Она, резко: О, ради всего святого! Соберись с духом и веди себя по-мужски! Неужто у тебя так мало веры и самоуважения, что ты ставишь на себе крест при первой же неудаче?

Он, глухо: Он утверждает, что я никуда не гожусь!

Она, раздраженно: Перестань нести чушь! Кто это утверждает?

Он: Черн.

Она, презрительно: Да наплевать, что он скажет! Что он в этом смыслит? Ты даже не знаешь, читал ли он твою рукопись!

Он: Утверждает, что читал, и что я никуда не гожусь!

Она: Вздор! Мало ли что он утверждает! Глупо обращать на это внимание! – После небольшой паузы, резко: – Когда вернулась рукопись?

Он, тупо: Она не вернулась, я ходил сам.

Она: Куда ходил?

Он: Пошел и забрал ее.

Она: Видел кого-нибудь?

Он: Да.

Она: Кого? – Раздраженно щелкнув пальцами: – Не таращься на меня, как идиот! Отвечай! Кого ты там видел?

Он: Черна.

Она: Белла не видел?

Он: Нет, видел Черна.

Она, раздраженно: Ну так говори, что он сказал!

Он: Не сказал ничего.

Она, нетерпеливо: Ерунда! Люди ведь не смотрят на тебя молча, когда ты приходишь к ним.

Он, угрюмо: Смотрят. Он смотрел!

Она, гневно: Тогда что он делал? Он должен был что-то делать.

Он: Да, делал. Выходил из кабинета.

Она: Был с ним кто-нибудь?

Он: Да.

Она, торжествующе: Тогда все понятно. Он был с кем-то. Был занят. – Потом гневно: – Какой же ты дурак!

Он: Знаю. Я никуда не гожусь.

Она, раздраженно щелкнув пальцами: Ну, продолжай! Не молчи, как идиот! Ты должен был с кем-то разговаривать.

Он: Да, разговаривал.

Она: С кем?

Он: С евреем.

Она, взволнованным, предостерегающим тоном: Опять начинаешь?

Он: Ничего не начинаю. Ты спросила, я ответил.

Она: Ну, так что он? Ради всего святого, ты сведешь меня с ума, если будешь молчать!

Он: Посмотрел на меня и спросил: «Ну так в чем дело?».

Она, опять взволнованно, предостерегающе: Я предупредила тебя! Если хочешь начать снова, я ухожу.

Он: Я не начинаю. Ты спросила, я ответил.

Она, не совсем смягчась: Знаешь, будь поосторожнее! Это все, что я могу сказать! Хватит с меня оскорблений! – Раздраженно, отрывисто: – А потом что?

Он: Он спросил: «Ну так и в чем дело?» – и я ответил.

Она, раздраженно: Что ответил? Ты разговариваешь, как идиот!
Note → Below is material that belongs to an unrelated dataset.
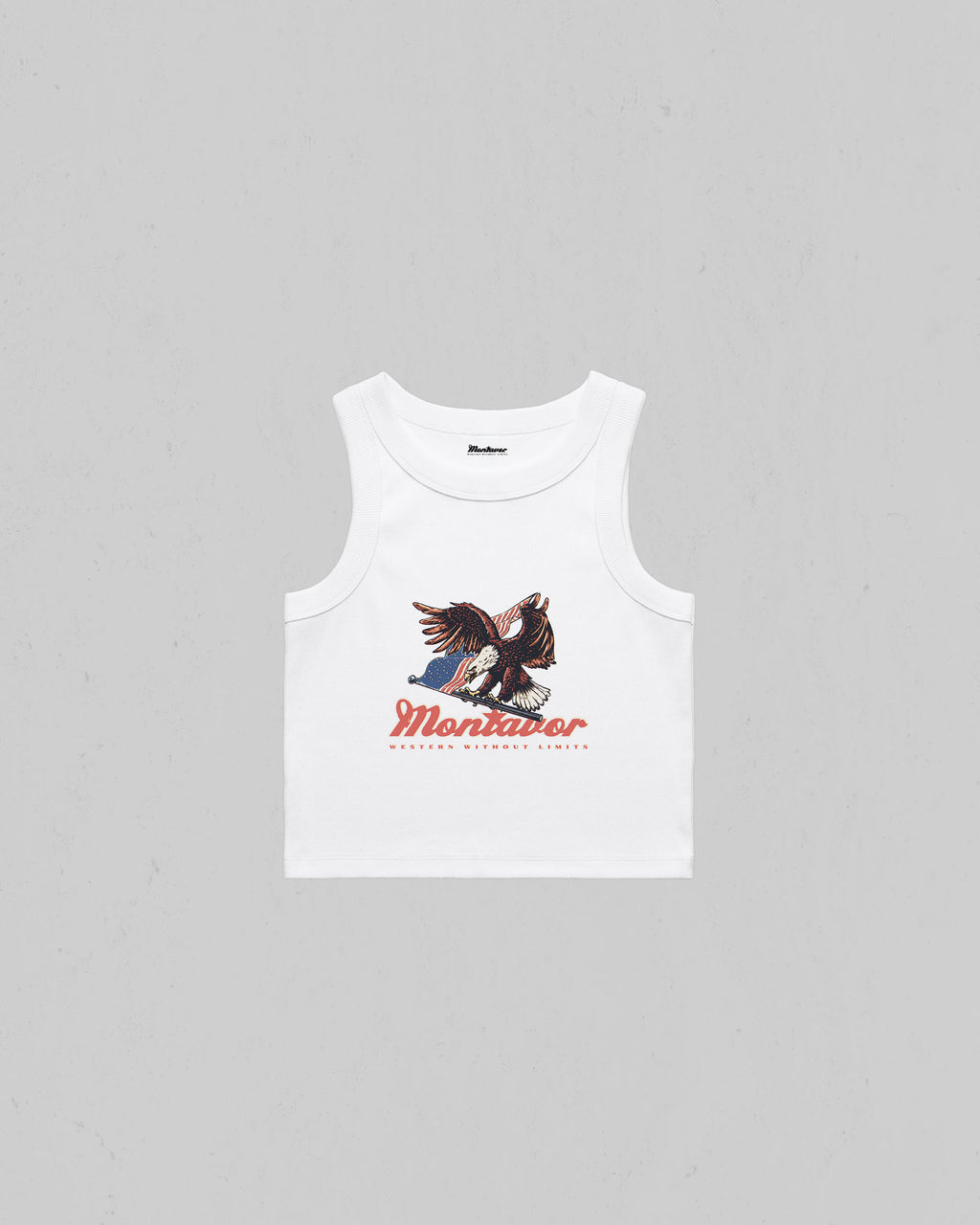 Montavor Eagle Organic Crop Tank Top featuring a vintage Americana eagle graphic on the front.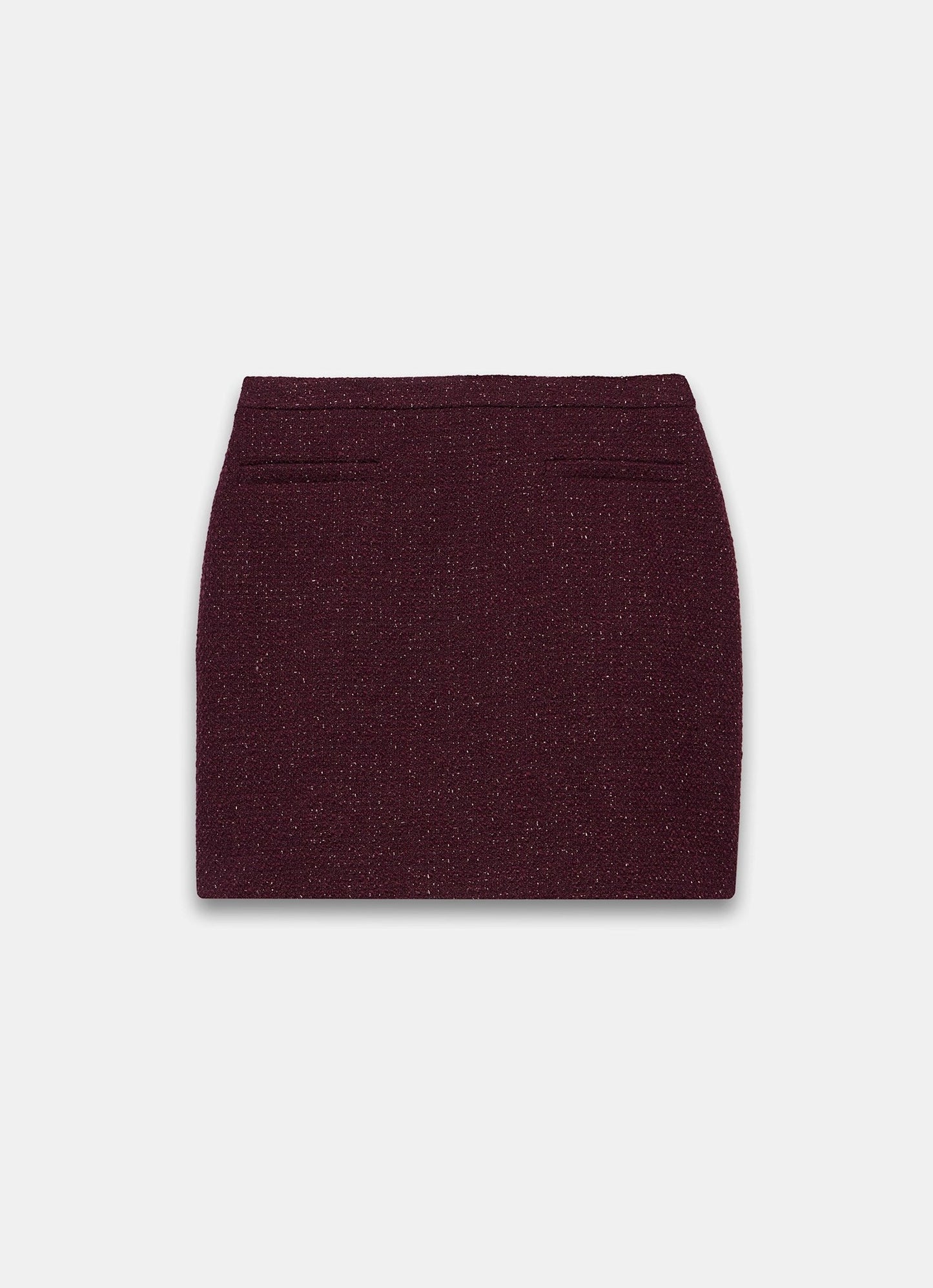 Burgundy Boucle Mini Skirt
Он: Сказал, что пришел за рукописью.

Она: Ну? А что дальше? Что он сказал после этого?

Он: Сказал: «А, вы тот самый парень! Надо же!».

Она: Ну, а потом? Что было дальше?

Он: Он взял рукопись и отдал ее мне.

Она: Ну? А потом что?

Он: Я сдул пыль с рукописи.

Она: Ну, продолжай! Говори! Дальше что?

Он: Я вышел.

Она: Куда?

Он: В дверь!

Она, удивленно: И все?

Он: И все.

Она: Больше ни с кем не разговаривал?

Он: Нет. Ни с кем.

Она: Какой же ты дурак! И так сломался из-за этой истории! Неужели у тебя нет больше самоуважения и гордости – нет веры в свое дело?

Он: Я никуда не гожусь. И хочу остаться в одиночестве. Уйди, пожалуйста. А перед уходом выброси рукопись – швырни куда угодно – в мусорную кучу – в туалет – в чулан – только, ради Бога, прочь с моих глаз. – Устало поднимается. – Ладно, я сам.

Она, схватив рукопись и прижав к груди: Нет!.. Эта рукопись моя!.. Кто был рядом с тобой все эти годы, стоял над тобой, заставляя писать, верил в тебя и был предан тебе?.. Если больше совершенно не веришь в свой труд и хочешь его выбросить, я не позволю!.. Спасу его!.. Рукопись моя, говорю тебе, моя! – Резко вскрикивает: – Джордж! Ты что делаешь?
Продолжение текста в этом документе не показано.